Die neue Chef-Remmidemmi-Version des - und das ist jetzt kein Scherz - erfolgreichsten deutschen Leasingfahrzeugs 2021. Bemerkenswerte 56.400 Formentors konnte man im letzten Jahr insgesamt absetzen, das sind 71,1 Prozent des gesamten Cupra-Volumens.

Wobei: Der Siegeszug des kantigen Mischlings sollte bei genauerem Hinsehen eigentlich niemanden überraschen. Eine reißbrettartigere Karriereplanung sah man zuletzt höchstens bei singenden und tanzenden Schmacht-Boys aus den 90ern.

Der Formentor wirkt wie eine rollende Marketing-Umfrage. Relativ emotional geschnitten, aber natürlich total smart. Für ein SUV viel zu nah an der Straße und wenn man vor ihm steht, wirkt er erstaunlich kompakt. Aber der Muff eines ordinären Kompaktwagens entströmt ihm auch nicht.

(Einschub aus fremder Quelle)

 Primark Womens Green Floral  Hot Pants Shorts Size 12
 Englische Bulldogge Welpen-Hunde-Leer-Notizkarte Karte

Dafür ist er wiederum zu hoch und bold, wie es einer der knöchelhosigen Jungverkäufer im stylishen Cupra-Showroom am Münchner Odeonsplatz wohl sagen würde.

Er ist quasi der crossoverigste Crossover von allen und damit hipper als dritte Toiletten auf einem Grünen-Parteitag. Hybride gibt es natürlich auch. Und die kommen mit Leasingraten, bei denen selbst ein Fahrrad-Verkäufer ein schlechtes Geschäft machen würde. Sie erahnen vermutlich, warum das Teil gerade so durch die Decke geht.

Erfolg macht sexy. Da kann man dann auch mal ein bisschen crazy werden und die Sau rauslassen. Zum Beispiel in dem man einen 390 PS starken Fünfzylinder in sein überschaubar großes Stückzahlenwunder stopft. Das ist ein bisschen weniger smart und die himmlischen Leasingraten können Sie auch vergessen (um die 700 Euro monatlich sind es hier unserer Recherche nach bei 10.000 Kilometer jährlicher Fahrleistung), aber wen juckt das schon bei so einer einmaligen Gelegenheit.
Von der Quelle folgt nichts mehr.